BitcoinTalk Threads:
- 546,440 threads
- 14 million messages
- JSON format
Labeled Addresses:
- 101,186 addresses
- Entity type and source
- CSV format
Graph Database:
- PostgreSQL format
- 252 million nodes
- 785 million edges
Supplemental Files:
- Alternative source data
- Labeling documentation

Technical Validation

We validated dataset quality through node classification tasks using:

Graph Neural Networks:
- GCN
- GraphSage
- GAT
- GIN
Traditional Model:
- Gradient Boosting Classifier

Results:

Model	Macro-F1 Score
GAT	0.64
GIN	0.63
GraphSage	0.62
GCN	0.60
GBC	0.57

The strong performance demonstrates the dataset's utility for entity classification tasks.

Usage Notes

Database Restoration

The PostgreSQL database can be restored using pg_restore with recommended settings:

pg_restore -j 4 -Fd -0 -U username -d dbname dataset

Potential Use Cases

Entity interaction analysis
Temporal network evolution
Comparative network studies
Pre-training for financial networks

👉 Explore the complete dataset and code

FAQ

Q: How does this dataset compare to existing Bitcoin datasets?
A: Our dataset is significantly larger and more comprehensive than alternatives like Elliptic datasets, with detailed entity typing and temporal information.

Q: What computational resources are required?
A: The full database requires ~120GB storage.

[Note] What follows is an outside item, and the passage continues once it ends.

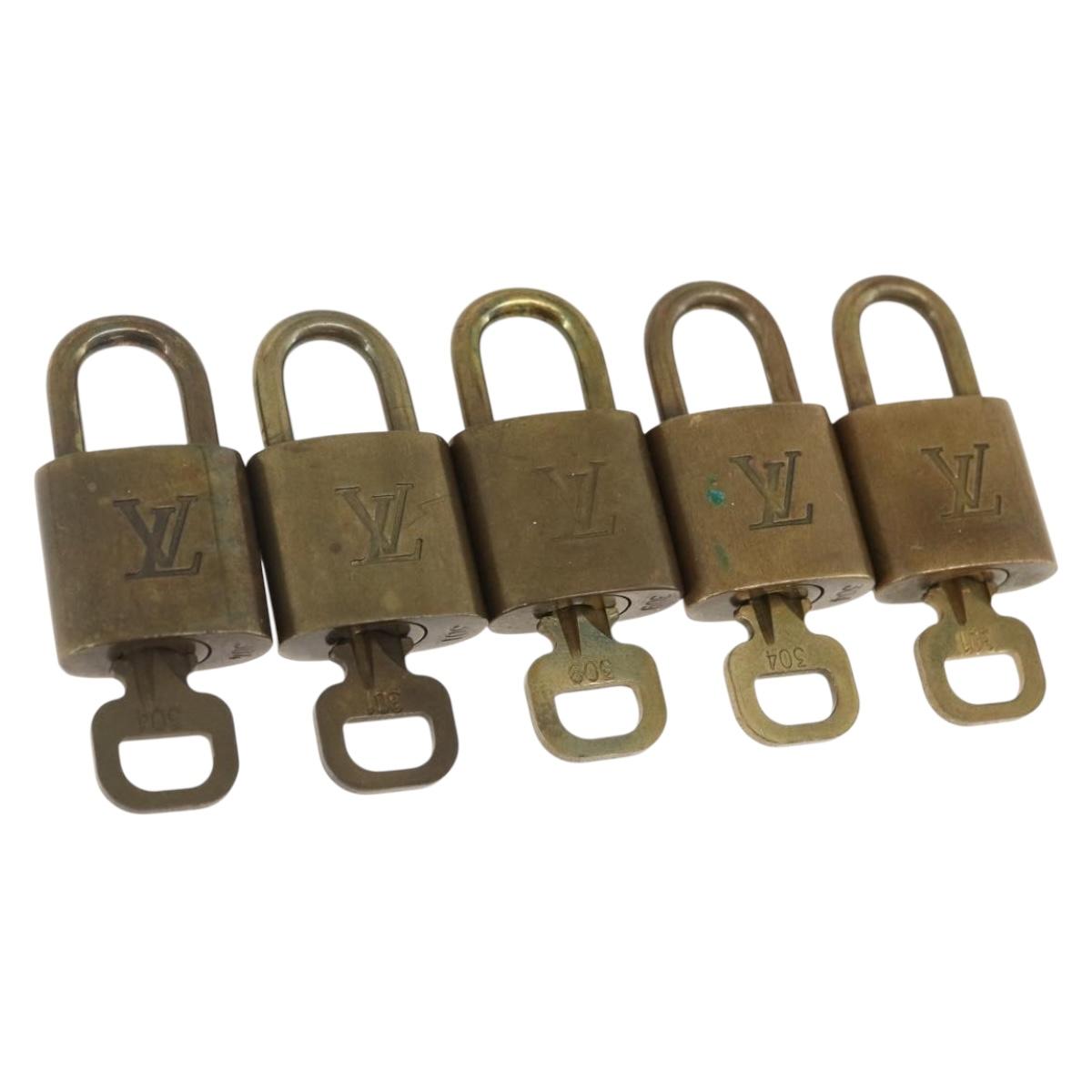 LOUIS VUITTON Padlock 5 Set Padlock metal Gold LV Auth 167110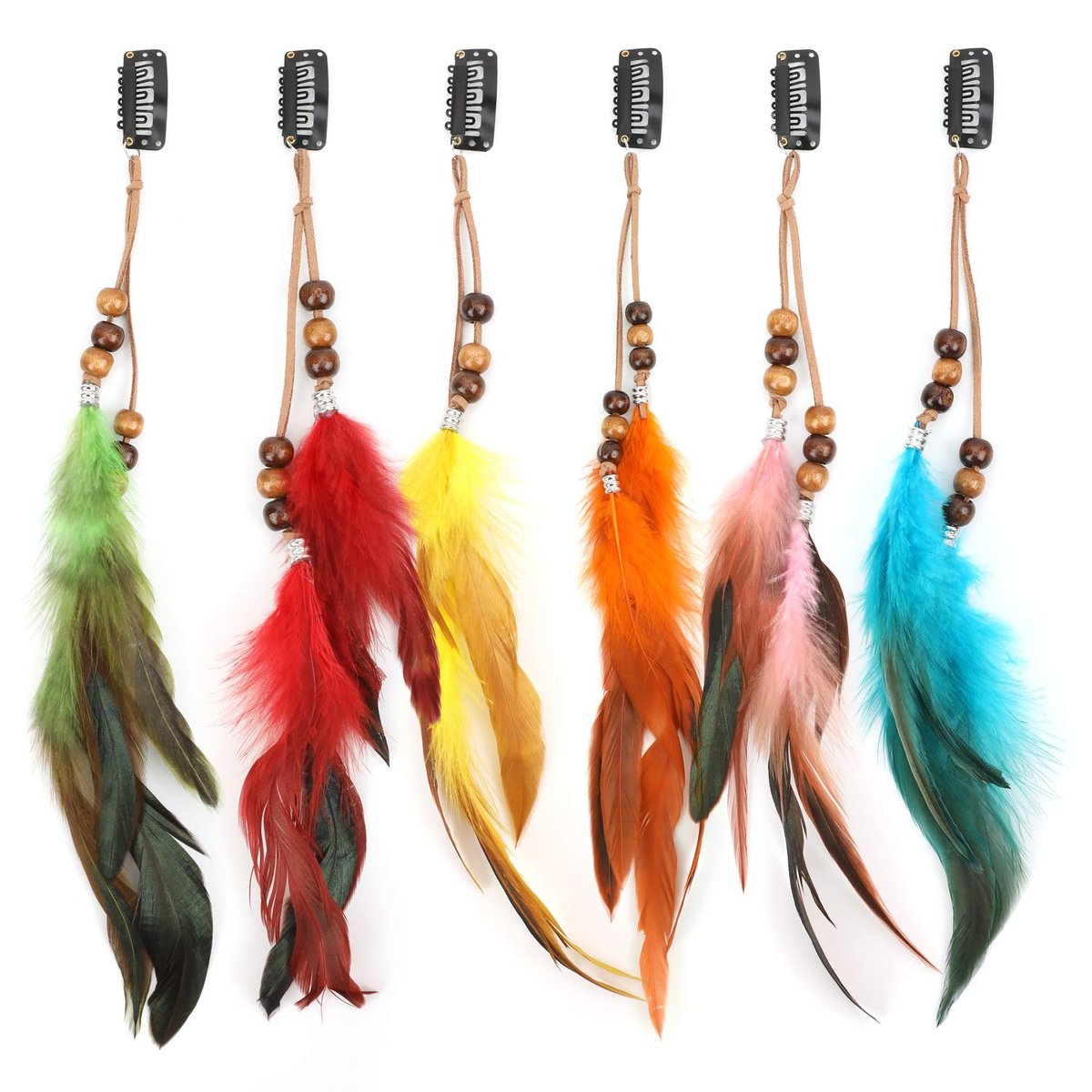 MWOOT 6-Piece Handmade Feather Hair Clips – Boho Hippie Hair Extensions with Comb, Beads & Hemp Tassels for Festival, Cosplay, or Daily Style - görsel 1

We recommend a server with 32GB+ RAM for efficient processing.

Q: Can this dataset be used for non-Bitcoin research?
A: Yes, the methodologies and graph structures are applicable to other transaction networks and financial systems.

Q: How frequently is the dataset updated?
A: Currently this represents a static snapshot, but the methodology could be applied to ongoing data collection.

👉 Access the labeling pipeline code

Q: What license applies to this dataset?
A: The dataset is released under CC-BY 4.0, allowing both academic and commercial use with attribution.